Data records
::::::::::
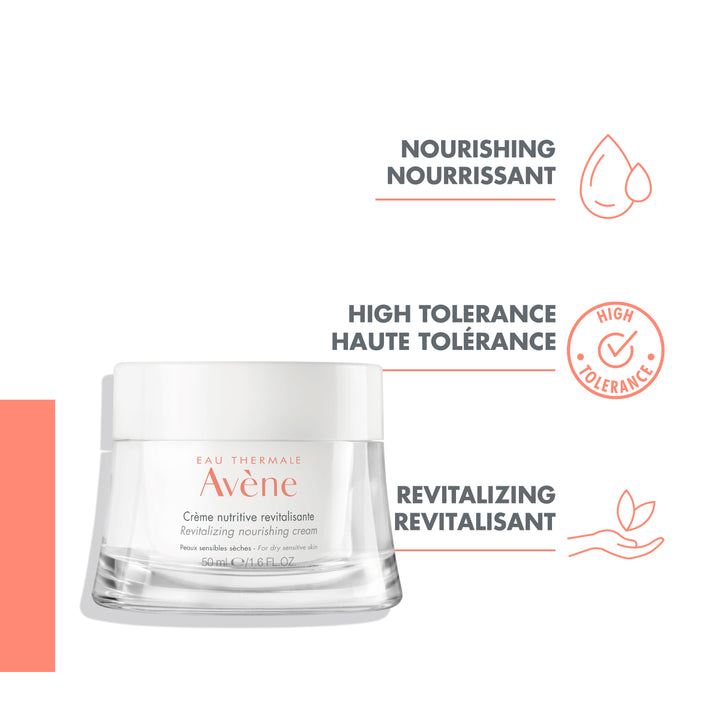 Avene Revitalizing nourishing cream, 50ml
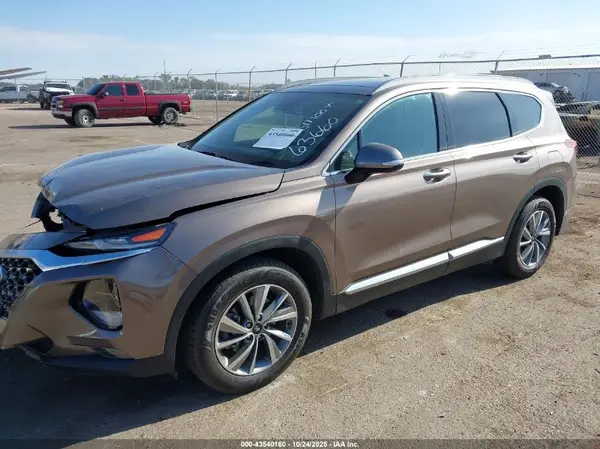 5NMS3CAD0LH179521 2020 HYUNDAI SANTA FE - Image 2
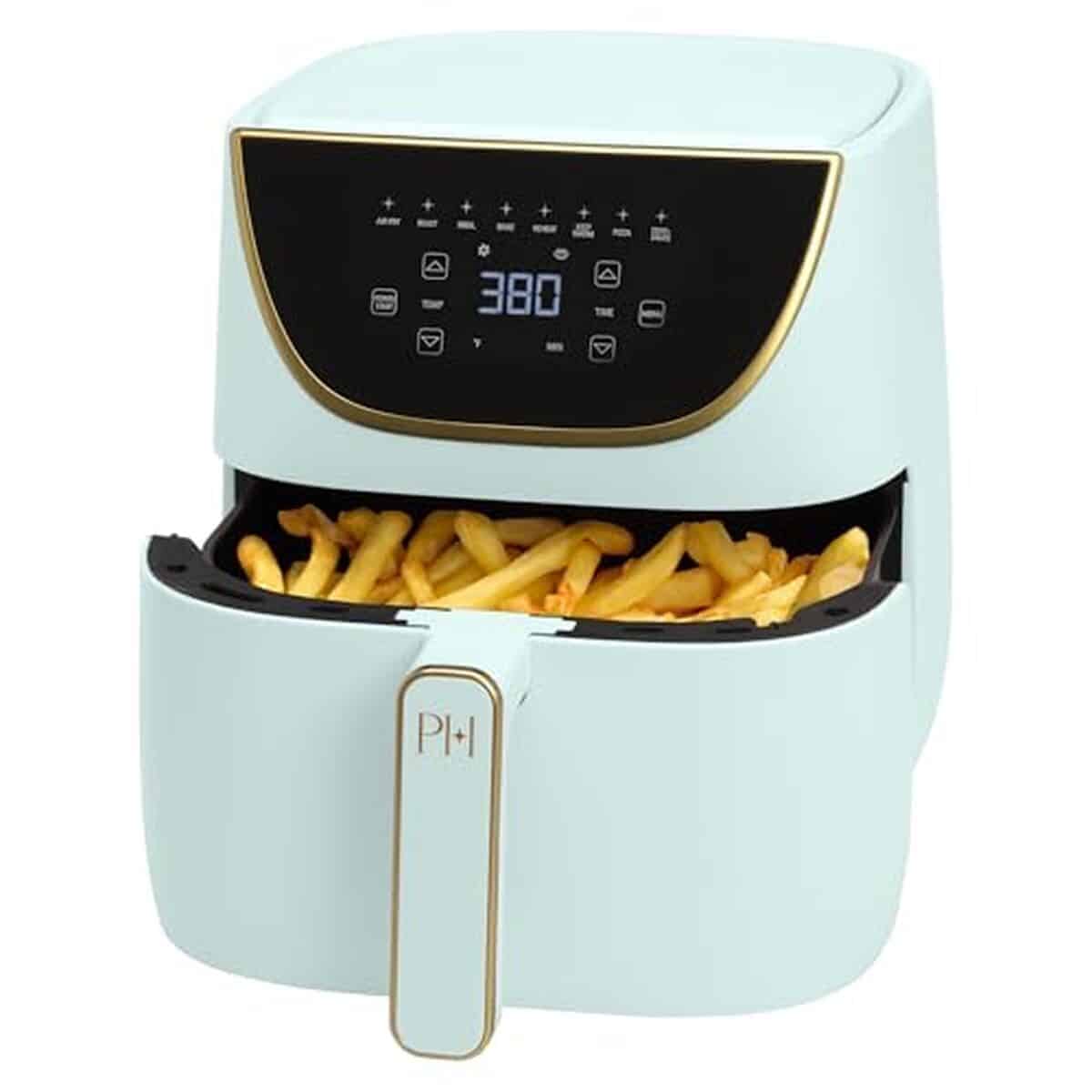 Test : friteuse à air Paris Hilton 6L antiadhésive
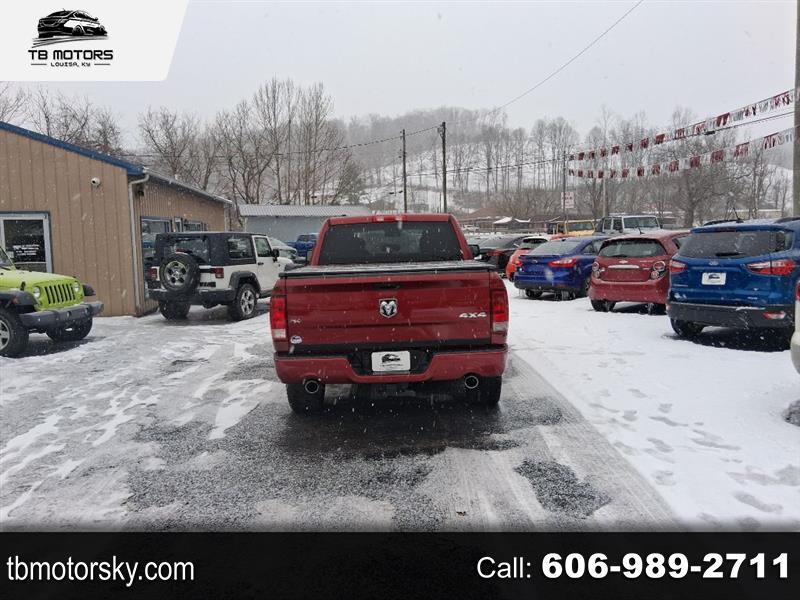 2014 RAM 1500 Tradesman Crew Cab SWB 4WD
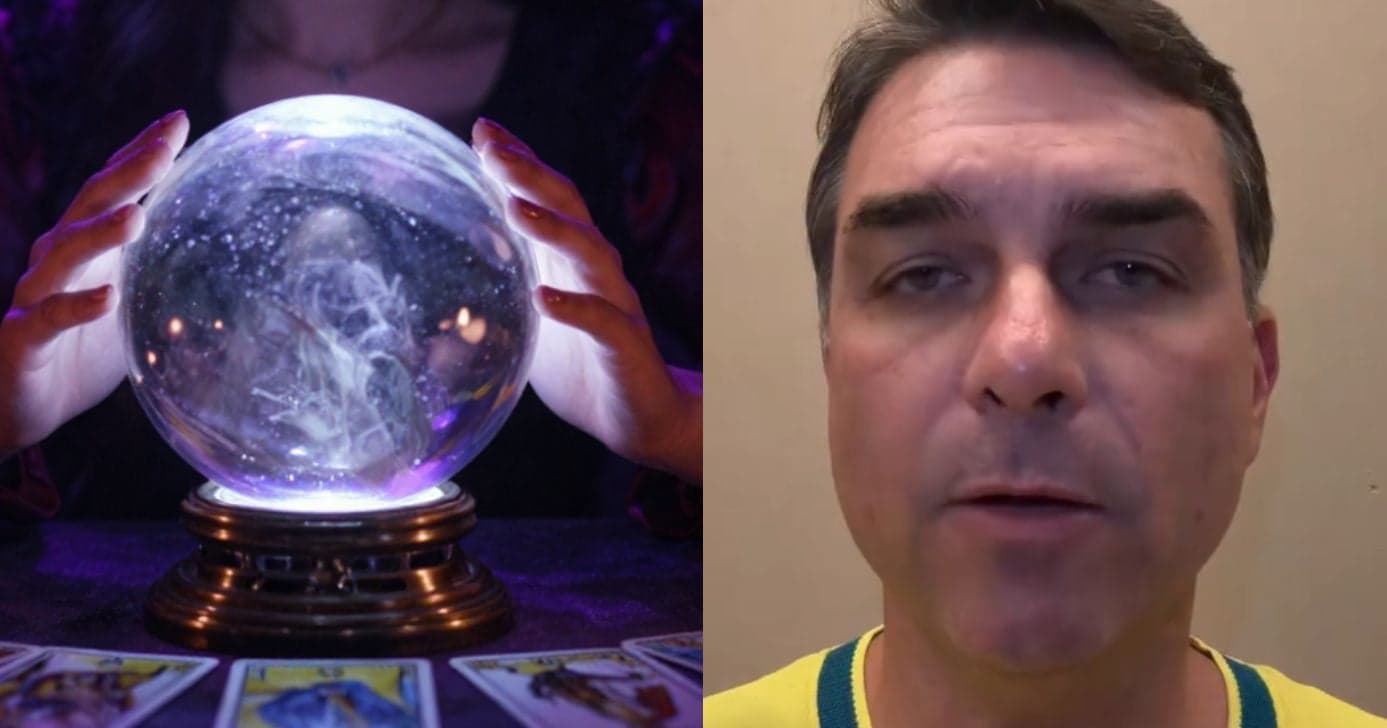 Vidente prevê que Flávio Bolsonaro será baleado e assusta com detalhes: "Preocupante"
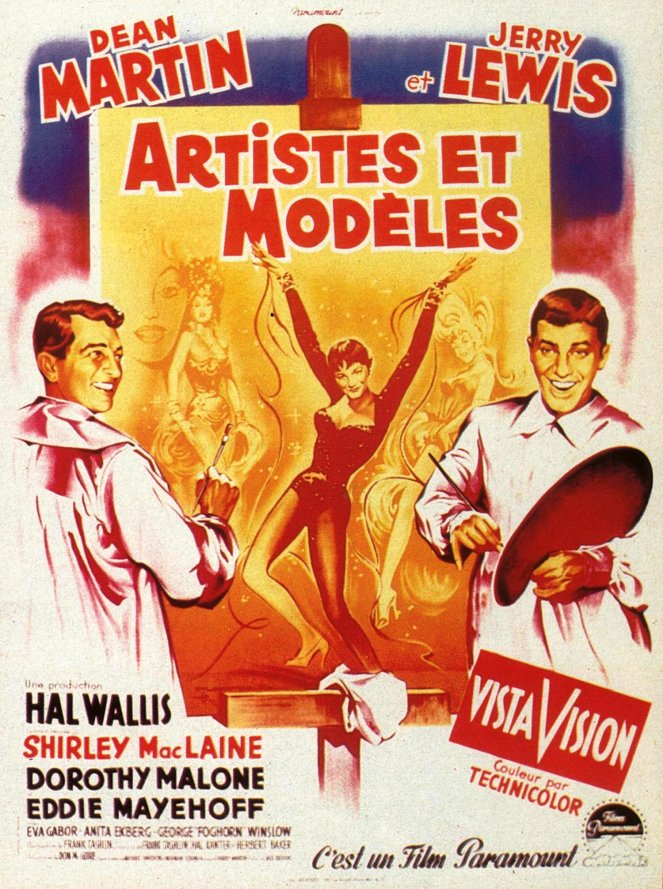 Artistes et modèles - Affiches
::::::::::
• **Task directions**
Return the data above unchanged. Pictures are not part of the copy.

• **Problem solution**
 Avene Revitalizing nourishing cream, 50ml
 5NMS3CAD0LH179521 2020 HYUNDAI SANTA FE - Image 2
 Test : friteuse à air Paris Hilton 6L antiadhésive
 2014 RAM 1500 Tradesman Crew Cab SWB 4WD
 Vidente prevê que Flávio Bolsonaro será baleado e assusta com detalhes: "Preocupante"
 Artistes et modèles - Affiches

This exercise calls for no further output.